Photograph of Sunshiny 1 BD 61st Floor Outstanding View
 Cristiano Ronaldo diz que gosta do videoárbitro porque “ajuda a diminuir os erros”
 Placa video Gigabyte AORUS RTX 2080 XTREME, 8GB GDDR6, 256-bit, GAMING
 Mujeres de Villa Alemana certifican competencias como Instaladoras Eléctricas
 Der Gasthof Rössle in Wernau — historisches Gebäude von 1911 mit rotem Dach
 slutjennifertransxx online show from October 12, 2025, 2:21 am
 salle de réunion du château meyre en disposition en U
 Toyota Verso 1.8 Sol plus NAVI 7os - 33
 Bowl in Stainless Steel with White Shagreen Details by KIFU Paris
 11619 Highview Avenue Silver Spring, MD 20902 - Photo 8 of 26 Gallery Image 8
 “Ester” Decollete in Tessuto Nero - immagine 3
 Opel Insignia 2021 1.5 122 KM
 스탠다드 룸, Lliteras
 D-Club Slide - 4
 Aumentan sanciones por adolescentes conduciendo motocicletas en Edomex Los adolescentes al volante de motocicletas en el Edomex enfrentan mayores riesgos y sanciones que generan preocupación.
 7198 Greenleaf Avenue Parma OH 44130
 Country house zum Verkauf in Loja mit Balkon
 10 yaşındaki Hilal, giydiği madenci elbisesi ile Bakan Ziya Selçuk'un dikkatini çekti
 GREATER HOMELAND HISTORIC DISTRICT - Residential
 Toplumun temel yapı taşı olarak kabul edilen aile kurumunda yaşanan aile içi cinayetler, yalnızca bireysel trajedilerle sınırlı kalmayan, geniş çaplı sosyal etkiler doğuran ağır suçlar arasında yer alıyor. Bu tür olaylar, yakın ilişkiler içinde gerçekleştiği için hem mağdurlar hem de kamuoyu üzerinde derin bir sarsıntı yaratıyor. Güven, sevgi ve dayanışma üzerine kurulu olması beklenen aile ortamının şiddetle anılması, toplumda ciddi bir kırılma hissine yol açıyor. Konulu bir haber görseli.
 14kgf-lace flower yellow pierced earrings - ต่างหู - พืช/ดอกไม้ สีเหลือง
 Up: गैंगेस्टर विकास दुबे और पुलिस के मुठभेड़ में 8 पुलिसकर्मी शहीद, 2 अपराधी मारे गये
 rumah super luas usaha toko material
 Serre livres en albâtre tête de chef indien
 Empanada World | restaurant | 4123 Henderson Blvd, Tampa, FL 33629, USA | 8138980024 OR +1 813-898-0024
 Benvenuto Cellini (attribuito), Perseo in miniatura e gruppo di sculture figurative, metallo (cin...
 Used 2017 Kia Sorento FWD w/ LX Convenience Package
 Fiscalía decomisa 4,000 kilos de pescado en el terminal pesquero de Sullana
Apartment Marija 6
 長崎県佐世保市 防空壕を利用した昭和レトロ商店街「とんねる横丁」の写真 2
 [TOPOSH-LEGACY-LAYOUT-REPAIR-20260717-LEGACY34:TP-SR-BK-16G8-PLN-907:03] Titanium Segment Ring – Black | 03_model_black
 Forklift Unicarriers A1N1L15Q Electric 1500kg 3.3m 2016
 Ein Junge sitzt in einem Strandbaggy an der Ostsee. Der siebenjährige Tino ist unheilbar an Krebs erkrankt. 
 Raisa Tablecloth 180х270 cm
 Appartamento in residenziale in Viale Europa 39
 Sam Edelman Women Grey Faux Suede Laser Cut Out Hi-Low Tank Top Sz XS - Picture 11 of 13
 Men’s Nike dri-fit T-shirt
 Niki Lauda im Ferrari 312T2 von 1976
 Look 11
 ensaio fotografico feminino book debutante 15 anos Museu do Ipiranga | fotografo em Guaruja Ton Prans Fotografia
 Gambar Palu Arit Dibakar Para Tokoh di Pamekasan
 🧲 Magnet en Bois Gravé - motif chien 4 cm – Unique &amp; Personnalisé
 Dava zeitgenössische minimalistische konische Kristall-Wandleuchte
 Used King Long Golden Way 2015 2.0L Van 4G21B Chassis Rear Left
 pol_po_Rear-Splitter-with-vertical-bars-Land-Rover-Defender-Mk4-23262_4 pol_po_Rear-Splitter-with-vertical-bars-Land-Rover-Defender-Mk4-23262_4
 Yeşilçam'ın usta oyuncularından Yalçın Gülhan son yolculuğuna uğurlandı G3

- - -

**What to work on**.
Go through the listing, find each line with the word "Used", and copy it.

**Exercise result**.
 Used 2017 Kia Sorento FWD w/ LX Convenience Package
 Used King Long Golden Way 2015 2.0L Van 4G21B Chassis Rear Left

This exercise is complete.